In MySQL we develop new features using worklogs, the development is divided into milestones and the MySQL 5.6 development was divided into 6 different milestones. In total there was around 200 worklogs developed in MySQL 5.6 which is a quite impressive set of new features. Naturally there is also a ton of bug fixes in MySQL 5.6 as well but I won't go into those here.

In this blog I will only mention 30-40 of those worklogs, but even this is a fairly large number of interesting features.

I will discuss features in areas of interest.

Partitioning

Let's start with partitioning. We developed partitioning originally as a 5.1 feature. Now development is mostly handled by Mattias Jonsson and we meet regularly to discuss new bugs and features in partitioning. MySQL 5.6 saw a couple of significant new partitioning features. With MySQL 5.6 it is now possible to import and export partitions to and from tables as a very quick operation (except when you import and want to check rows for correctness as part of the import). This means you can insert your data into a single table and then decide to move the table into a partitioned table after a while. This feature can be used for a variety of things.

We have also worked hard on improving performance with many partitions.
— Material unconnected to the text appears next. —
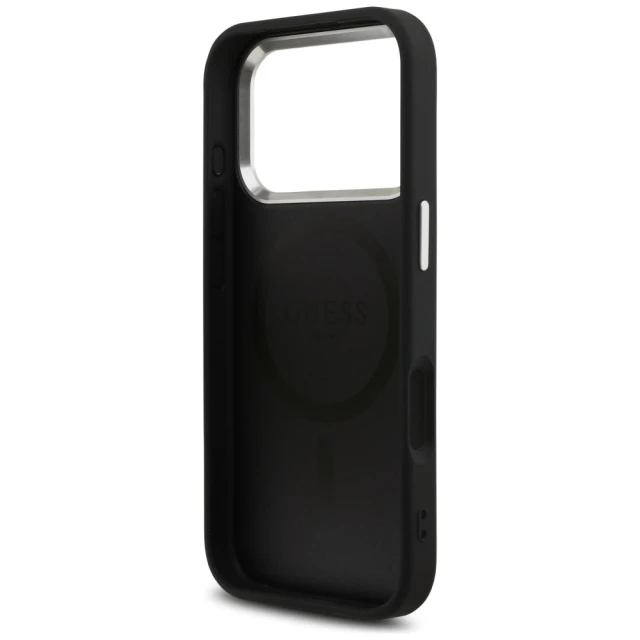 Чехол Guess Glitter Triangle Logo для iPhone 17 Pro Black with MagSafe (GUHMP17LPFGTSCMK)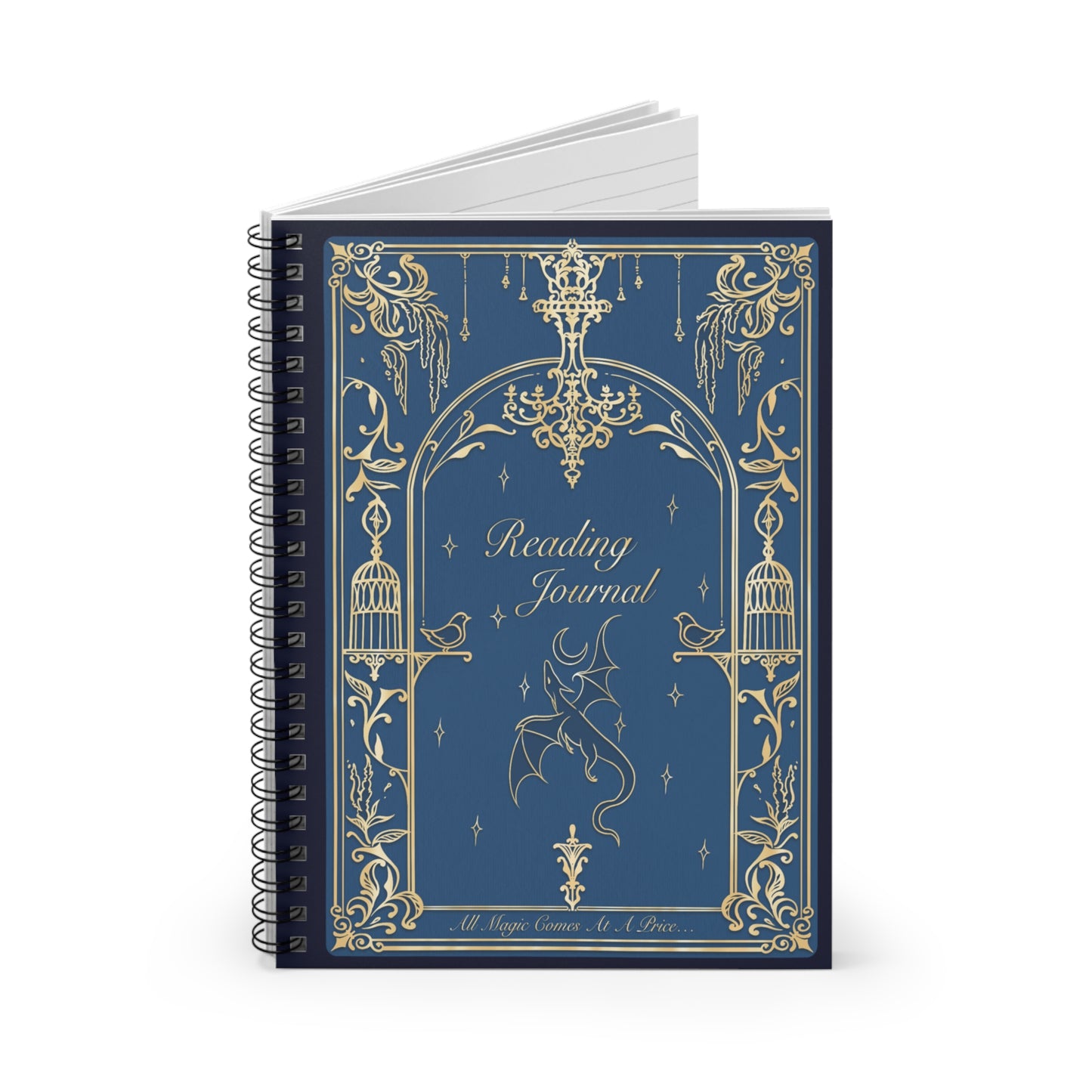 Elegant Reading Journal - Ruled Spiral Notebook with Gothic Design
We have fixed a number of performance issues in the algorithms, we have improved the locking part such that we only lock those partitions that are actually used in the query. This improvement required some reengineering effort in the MySQL Server which is beneficial to many other parts other than partitioning. Another thing we added is that it is now possible to specify in queries which partitions one want to use, thus partitions can in a sense be treated as tables in queries if need be.

Optimizer

The next area is the optimizer, many new things have happened here and I am not the main expert in this area, but even from my view the improvements in subquery handling, index condition pushdown, persistence of optimizer stats (both in server and in InnoDB), new algorithms for multi-range reads focused on disk sweeps and an improved sort function is very interesting and many of them gives extreme performance improvement for certain queries. A feature I also think is very important is the optimizer trace, this feature came up a while ago in a reengineering project and it's nice to see it completed now. It gives anyone the ability to understand exactly how the optimizer makes its decisions and thus also making it possible for both users and developers to understand how complex queries can be improved.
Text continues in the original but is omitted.